The continuing operation of the station, with an annual budget of about $100,000, became too expensive for the seminary and churches and the station was sold to KQED-TV in the mid 1960s for $80,000. The Ford Foundation paid $40,000 of the sale price. The station became KQED-FM.


George Conklin (left) and Emory Johnson at KxKx-FM’s RCA console

Early in the history of KxKx-FM, I had the distinction of burning out the transmitter! The entire staff of the station (perhaps four or five people) were attending a meeting of Presbyterian churches at a local church in the Bay Area to do a brief demonstration of the new station. Since I had an FCC license I was asked to operate the station with programming on the main stereo channel and the SCA channel.

As I was operating the station from two tape recorders, the off-frequency alarm went off. A quick check of transmitter parameters indicated that the frequency-specific crystal, which maintained the correct frequency, was drifting. The transmitter shut down automatically. I telephoned the church and talked with Emory Johnson and Wayne Loerke. We agreed that they would keep the phone open and when they started their presentation I was to turn the transmitter back on and over-ride the automatic shutdown by holding the shut-down switch in ON position.

George Conklin in 2008

The next day we drove up to the transmitter site on San Bruno Mountain and opened the transmitter rack door. There was charring and the wiring to the crystal oven was burned out. In those days, before digital controls, transmitters were kept on frequency by precision crystals set to be on an exact frequency when they were ‘gently’ warmed — in a small crystal oven — to a point well above ambient temperatures.
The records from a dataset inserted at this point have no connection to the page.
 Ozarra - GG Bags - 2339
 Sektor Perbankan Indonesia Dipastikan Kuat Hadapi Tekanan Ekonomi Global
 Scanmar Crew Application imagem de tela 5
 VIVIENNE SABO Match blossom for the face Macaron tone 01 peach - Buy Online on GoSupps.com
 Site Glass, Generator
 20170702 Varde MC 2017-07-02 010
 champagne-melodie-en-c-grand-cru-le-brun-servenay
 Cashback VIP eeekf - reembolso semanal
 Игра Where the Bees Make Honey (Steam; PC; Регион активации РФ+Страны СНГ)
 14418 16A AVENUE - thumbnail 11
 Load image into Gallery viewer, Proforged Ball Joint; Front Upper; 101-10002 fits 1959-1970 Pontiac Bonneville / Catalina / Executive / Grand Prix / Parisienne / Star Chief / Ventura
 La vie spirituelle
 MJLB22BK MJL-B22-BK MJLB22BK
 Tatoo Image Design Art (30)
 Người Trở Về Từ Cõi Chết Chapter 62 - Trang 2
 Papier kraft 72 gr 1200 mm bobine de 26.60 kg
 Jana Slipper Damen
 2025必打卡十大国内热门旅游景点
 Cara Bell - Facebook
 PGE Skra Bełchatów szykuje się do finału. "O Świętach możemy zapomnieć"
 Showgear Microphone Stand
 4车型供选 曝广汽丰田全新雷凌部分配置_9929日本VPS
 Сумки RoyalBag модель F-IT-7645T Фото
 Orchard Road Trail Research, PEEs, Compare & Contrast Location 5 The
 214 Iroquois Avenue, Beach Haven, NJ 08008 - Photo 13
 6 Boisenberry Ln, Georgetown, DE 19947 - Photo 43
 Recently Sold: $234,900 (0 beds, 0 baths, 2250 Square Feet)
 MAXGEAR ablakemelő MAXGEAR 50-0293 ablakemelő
What happened was a leak had occurred in the “helix cable” used to feed the 10 kilowatt transmitter power to the 12 bay antenna array high on the steel antenna tower. Moisture got into the cable and reflected the radio frequency energy back into the steel transmitter case. Our ‘guess’ was the first thing to burn was the light duty wire which heated the crystal oven. That caused the first symptom, going off frequency as the crystal cooled. Then the RF energy heated other components as I over-rode the automatic shut done. It is a wonder the station stayed on the air for the few minutes of demonstration.

There was a “happy” outcome to that event. The president of RCA was a Presbyterian layman who was very interested in the station project and provided the replacement transmitter at no cost.

CURATOR’S NOTE: The former quarters of KxKx-FM, which also later housed KQED-FM, at 286 Divisadero Street in San Francisco, is presently home to Yoga Garden of San Francisco.